Some children of women who smoked during pregnancy experience subtle difficulties processing auditory information; for example, they may have more than average problems recognizing slightly garbled words or understanding speech in a noisy environment. A recent series of animal experiments indicates that the cause of the problem is not in the ear but in the brain: Nicotine exposure during development damages a set of receptors in the brain's auditory processing center.

line graphs showing reduction in auditory response as described in caption  Nicotine Exposure During Development Alters Auditory Response: Normal rats rely on nicotinic acetylcholine receptors in the auditory cortex to process auditory information. Rats exposed to nicotine shortly after birth have damaged nicotinic acetylcholine receptors and develop compensatory sound-processing mechanisms. As a result, blocking the receptors with mecamylamine reduces auditory cortex responsiveness dramatically in normal rats, but only slightly in rats exposed to the drug as pups.

Hearing Versus Heeding

The NIDA-funded experiments first demonstrated a deficit in sound processing in rats that had been exposed to nicotine at a developmental stage corresponding to that of a human fetus in the third trimester of gestation. Dr. Raju Metherate and colleagues at the University of California, Irvine, began by injecting rat pups with nicotine twice daily for 5 days (postnatal days 8 to 12). The injections produced nicotine blood levels approximating those of smokers, and presumably of pregnant smokers' fetuses. A group of same-aged control rats received injections of saline.

When the rats were 2 months old, a researcher trained them to escape an electrical shock by crossing from one chamber of an experimental box to another. The next day, a 5-second tone preceded each shock. All the animals immediately turned their heads toward the tone, indicating that they had heard it. Over 4 days, the rats had the opportunity to learn that the tone signaled an impending shock.

By the end of the training, all but one of the 12 control animals had learned the lesson well enough to routinely avoid the shock by crossing into the safe chamber during the tone. These animals moved to the safe chamber more rapidly as time went on, and eventually, many went into the safe chamber as soon as the tone began. Just 6 of the 11 rats exposed to nicotine, however, learned to associate the tone with the shock, and they responded more slowly than the control animals. The remaining 5 nicotine-exposed rats moved to the safe chamber only after receiving the shock.

A Less Responsive Cortex

The UC-Irvine researchers' next experiment linked the nicotine-exposed rats' poorer responses to warning tones to a difference in the animals' brains.

The auditory cortex is the brain's primary area for interpreting sounds. Normally, nicotine amplifies the cortex's responsiveness to auditory inputs. Researchers measure this effect by comparing electrical activity levels in the cortex before and after an injection of the drug.

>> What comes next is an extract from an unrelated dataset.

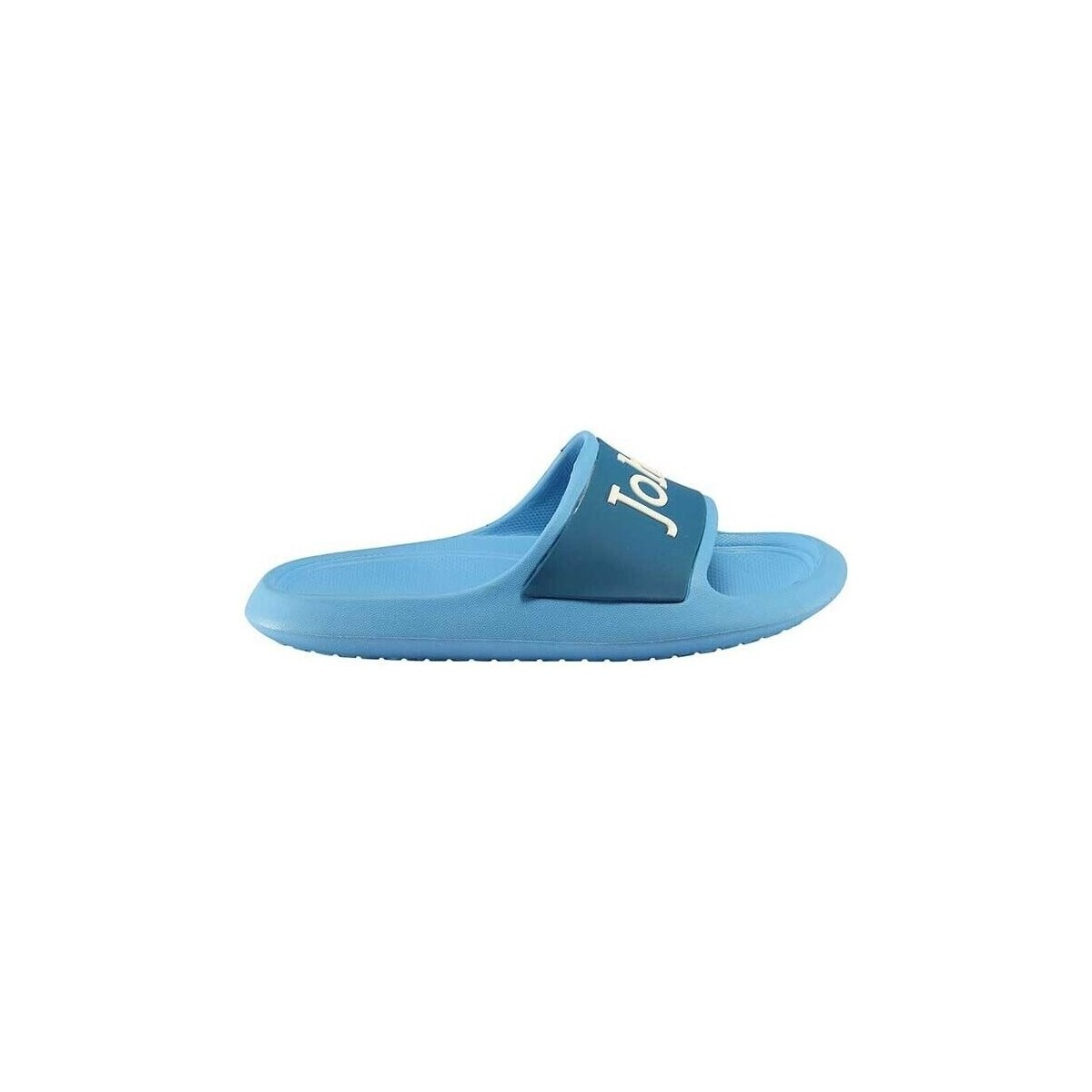 Zapatos Niños Chanclas John Smith PUKAS Azul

Using this protocol when their rats were 2 to 3 months of age, Dr. Metherate's team documented smaller increases in cortical activity levels, on average, in the animals with early exposure to nicotine than in the control animals. Among adult rats not exposed to nicotine as pups, a stronger auditory cortex response to nicotine at 2 to 3 months of age correlated with faster and more accurate learning to associate sound with electrical shocks. These observations may provide a hint why rats' early nicotine exposure leads to later difficulty using warning tones.

Underdeveloped Receptors

The researchers next investigated the underlying mechanism for their nicotine-exposed rats' diminished cortical responsiveness. The findings indicated that nicotine exposure during early development prevents a key receptor in the brain's acetylcholine signaling system from achieving full functionality.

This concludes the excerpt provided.